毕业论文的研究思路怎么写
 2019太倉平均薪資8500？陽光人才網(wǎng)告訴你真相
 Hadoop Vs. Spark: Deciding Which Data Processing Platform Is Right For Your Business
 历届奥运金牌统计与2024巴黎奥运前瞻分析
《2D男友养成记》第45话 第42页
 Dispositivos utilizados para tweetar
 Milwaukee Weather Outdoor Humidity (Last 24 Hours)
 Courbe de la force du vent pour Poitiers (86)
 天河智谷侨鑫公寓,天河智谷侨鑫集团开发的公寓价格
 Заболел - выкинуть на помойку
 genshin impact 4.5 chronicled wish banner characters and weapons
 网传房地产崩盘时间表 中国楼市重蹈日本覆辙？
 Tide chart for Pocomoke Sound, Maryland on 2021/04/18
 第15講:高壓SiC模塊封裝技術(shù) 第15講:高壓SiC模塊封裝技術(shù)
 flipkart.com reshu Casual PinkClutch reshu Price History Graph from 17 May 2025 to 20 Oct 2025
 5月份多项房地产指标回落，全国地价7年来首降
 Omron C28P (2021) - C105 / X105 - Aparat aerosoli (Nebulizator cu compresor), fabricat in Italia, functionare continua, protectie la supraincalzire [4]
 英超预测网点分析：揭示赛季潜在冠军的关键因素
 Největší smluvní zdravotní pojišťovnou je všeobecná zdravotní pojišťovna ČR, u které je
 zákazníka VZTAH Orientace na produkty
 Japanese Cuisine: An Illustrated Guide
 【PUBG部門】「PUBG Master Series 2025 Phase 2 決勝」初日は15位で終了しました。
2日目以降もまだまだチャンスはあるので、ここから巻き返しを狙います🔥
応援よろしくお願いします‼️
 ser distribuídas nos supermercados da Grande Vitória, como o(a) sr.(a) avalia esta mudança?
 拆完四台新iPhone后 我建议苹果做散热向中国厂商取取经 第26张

-*-

** Work request **
Leave out every line ahead of the one containing "Japanese Cuisine: An Illustrated Guide" and print the rest of the listing exactly.

** Output of the task **
 Japanese Cuisine: An Illustrated Guide
 【PUBG部門】「PUBG Master Series 2025 Phase 2 決勝」初日は15位で終了しました。
2日目以降もまだまだチャンスはあるので、ここから巻き返しを狙います🔥
応援よろしくお願いします‼️
 ser distribuídas nos supermercados da Grande Vitória, como o(a) sr.(a) avalia esta mudança?
 拆完四台新iPhone后 我建议苹果做散热向中国厂商取取经 第26张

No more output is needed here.